### [What this task involves]
As you write out the lines from the one containing "TULIPAN TARDA 7/8 1 szt." through the last line of the records, keep them exact and leave out pictures.

### [Available data]
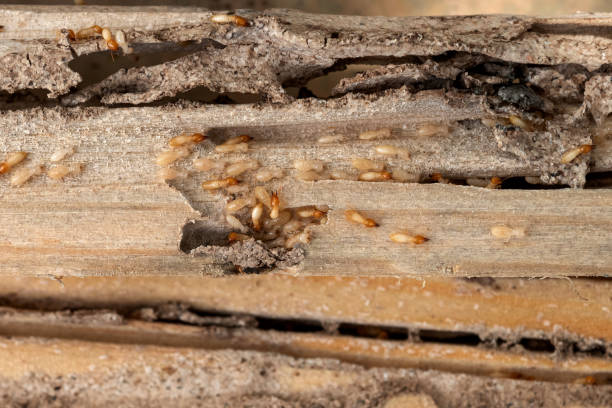 Flea Control Services in Lewisport, KY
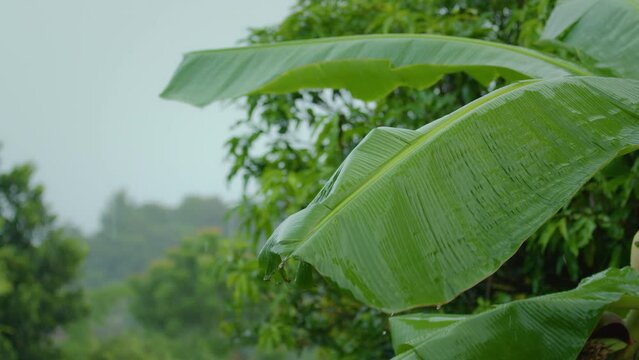 Raindrops dripping from the green banana leaves in the garden.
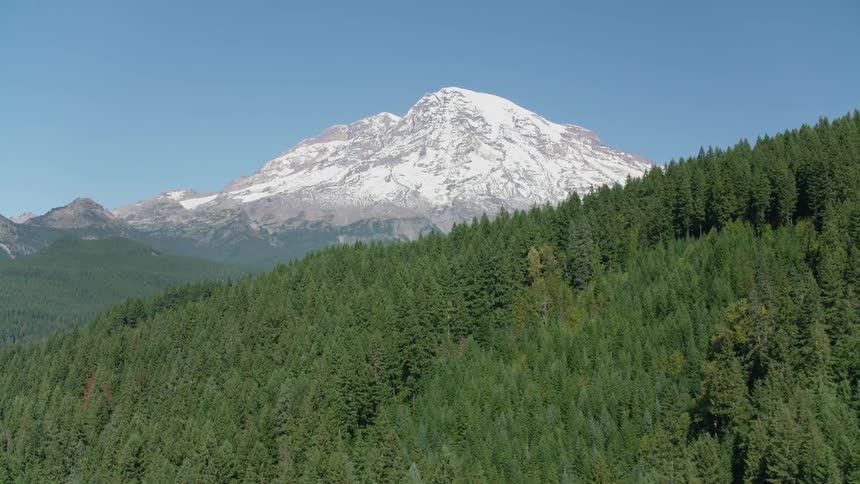 A snow capped mountain peak dominates the horizon rising above a densely forested slope under a clear blue sky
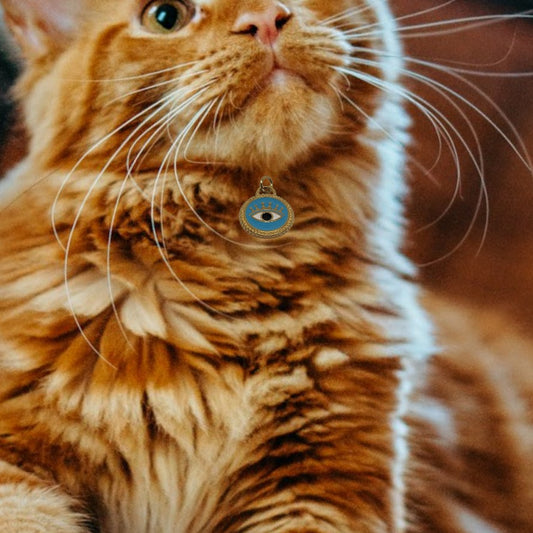 Evil Eye Cat/Dog Collar Charm - Pet Protection - Pet Gift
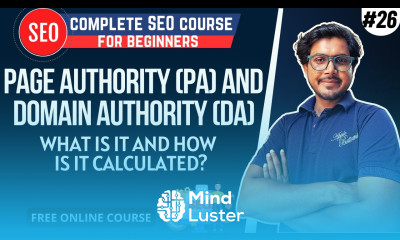 What are Domain Authority and Page Authority Check the Domain Authority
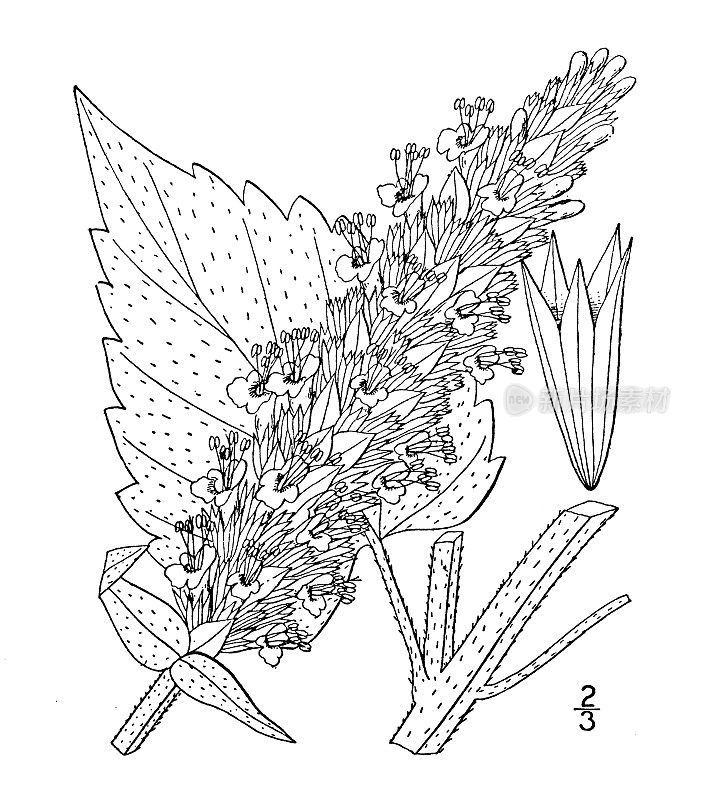 古植物学植物插图:玄参、牛膝草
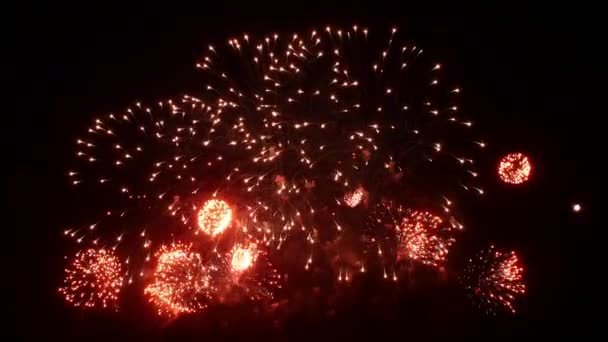 Exhibición de fuegos artificiales en la noche sobre fondo negro . — Vídeo de stock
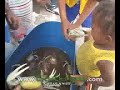 Crab Bite Crab Bite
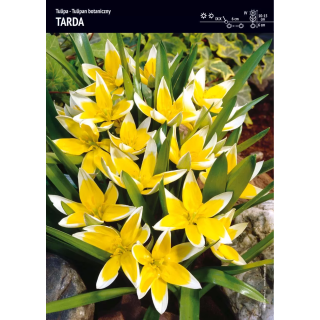 TULIPAN TARDA 7/8 1 szt.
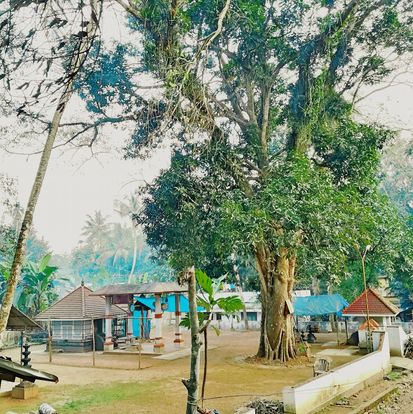 Naduvilethadam devi Temple Ernakulam Dresscode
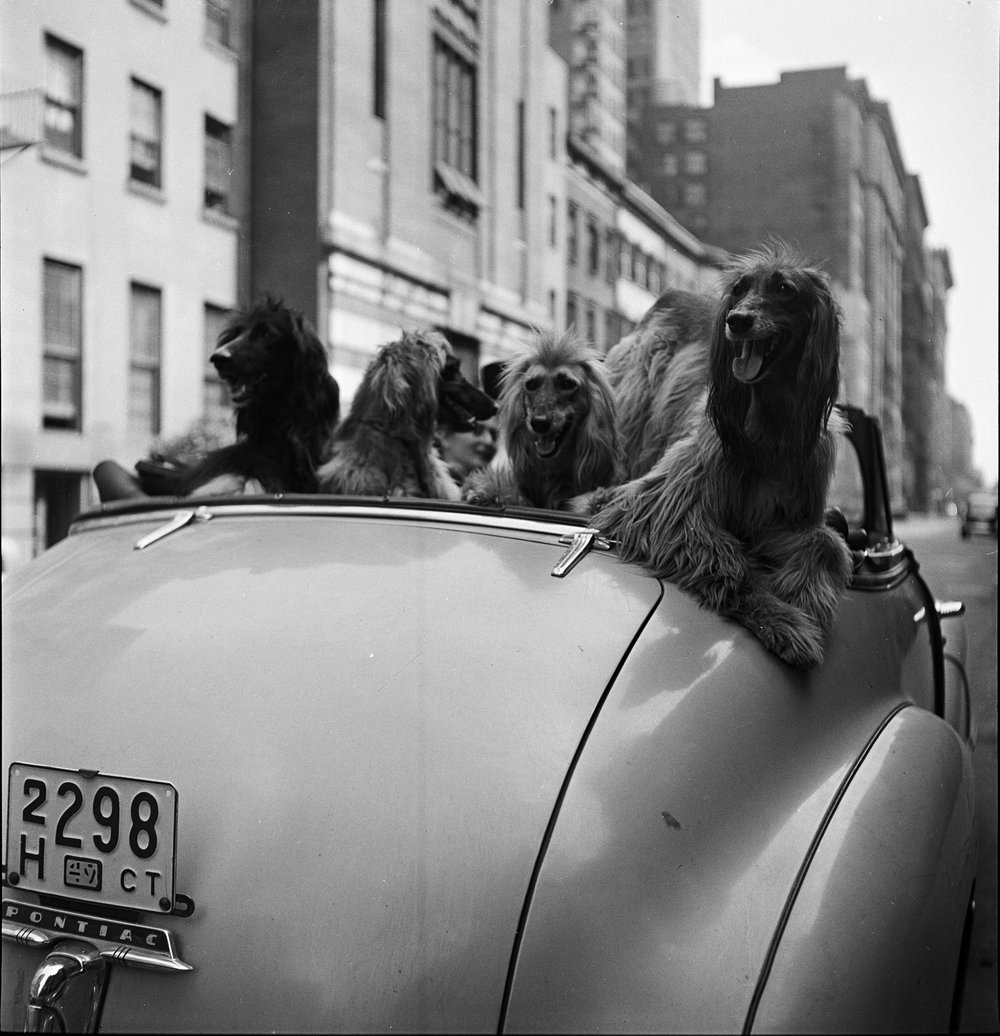 48a162b90kubrick_dogs-in-the-city_mcny-1-jpg.jpeg Dogs in the City. Courtesy of the Museum of the City of New York / SK Film Archive, LLC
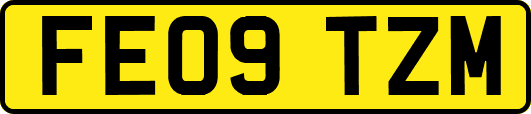 FE09TZM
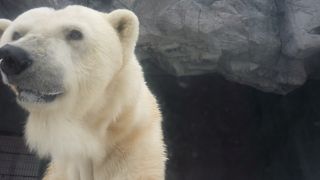 ありきたりですが、楽しい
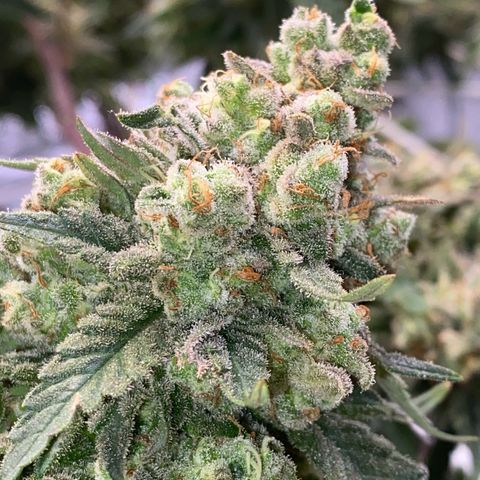 Master Kush growlog timeline photo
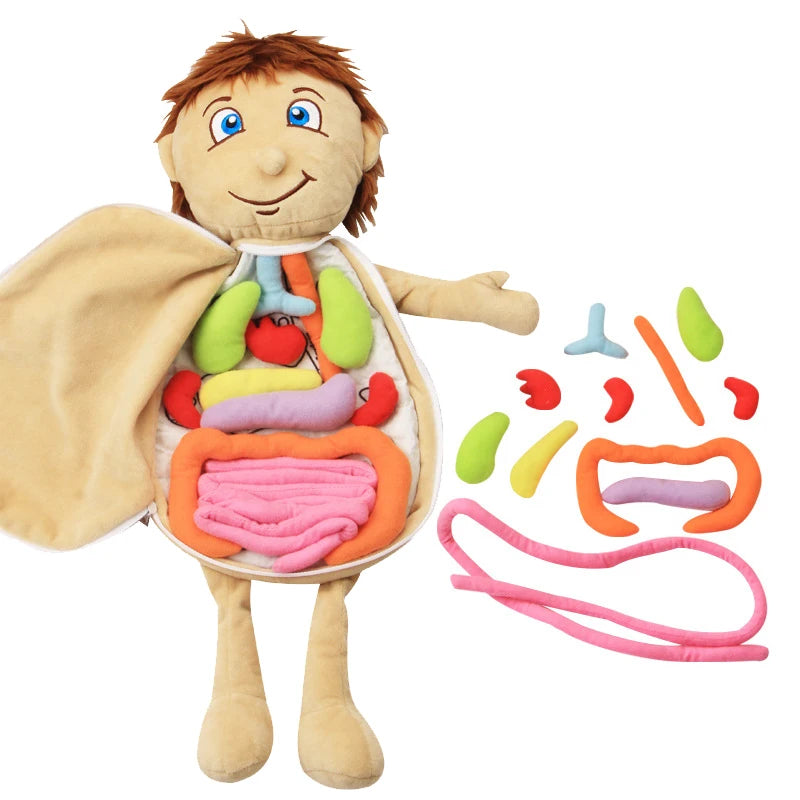 Kid 3D Puzzle Human Body  Model Anatomy Plush Toy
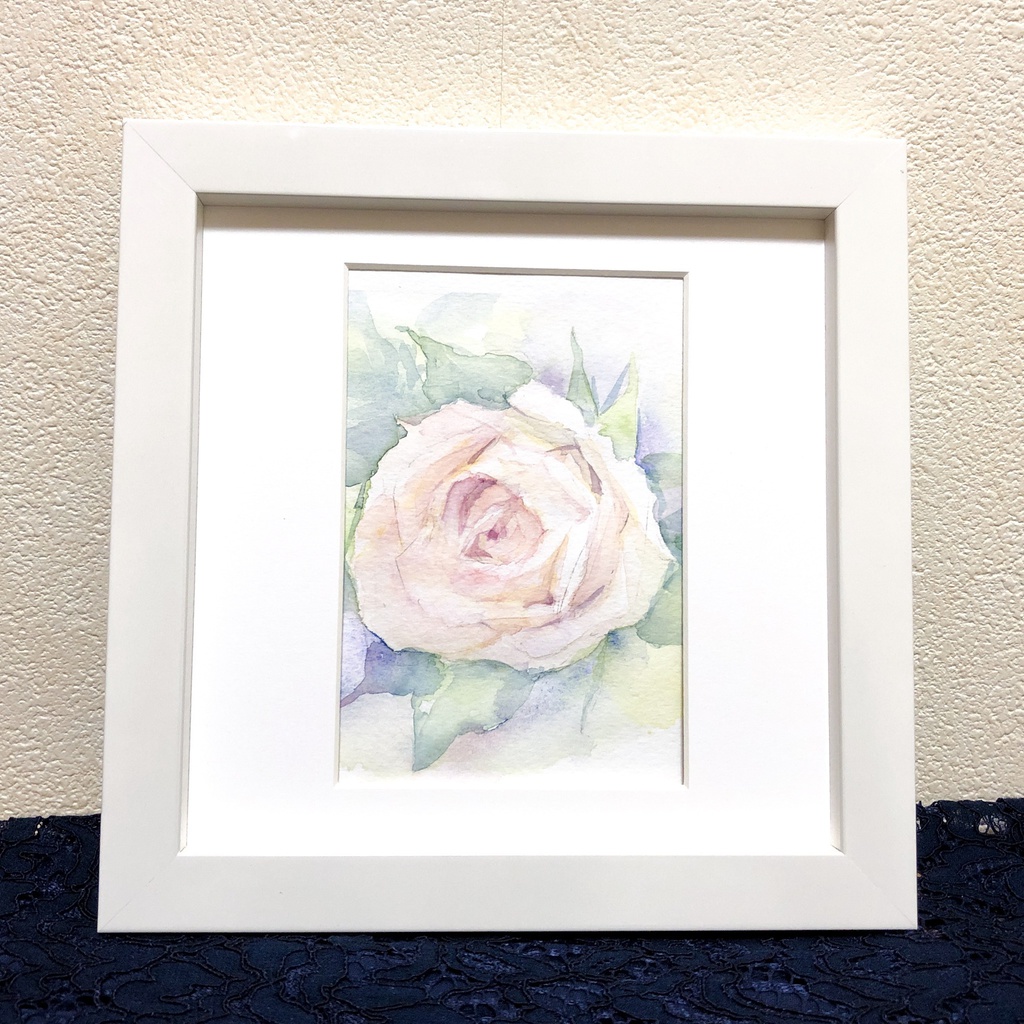 白い薔薇の水彩原画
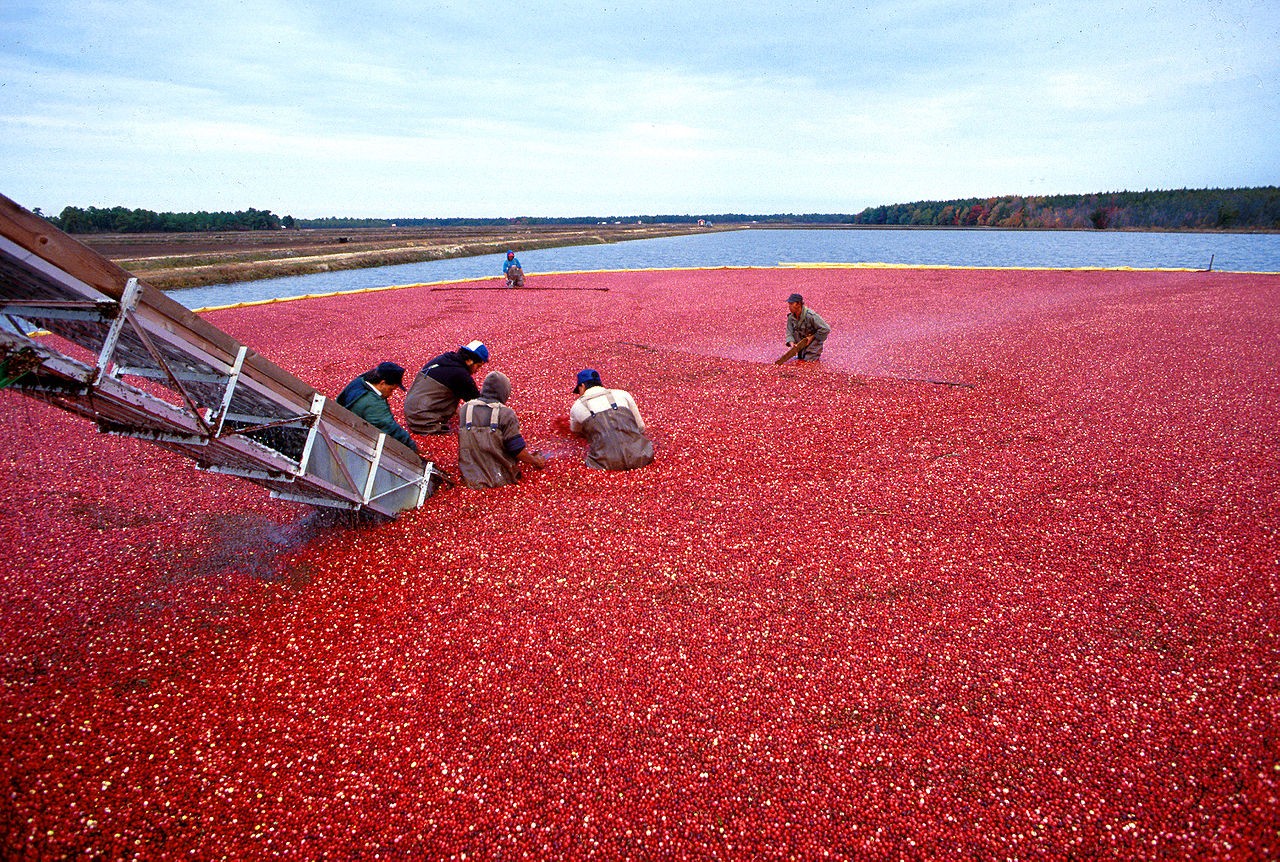 Recolección de arándano americano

### [Your response]
 TULIPAN TARDA 7/8 1 szt.
 Naduvilethadam devi Temple Ernakulam Dresscode
 48a162b90kubrick_dogs-in-the-city_mcny-1-jpg.jpeg Dogs in the City. Courtesy of the Museum of the City of New York / SK Film Archive, LLC
 FE09TZM
 ありきたりですが、楽しい
 Master Kush growlog timeline photo
 Kid 3D Puzzle Human Body  Model Anatomy Plush Toy
 白い薔薇の水彩原画
 Recolección de arándano americano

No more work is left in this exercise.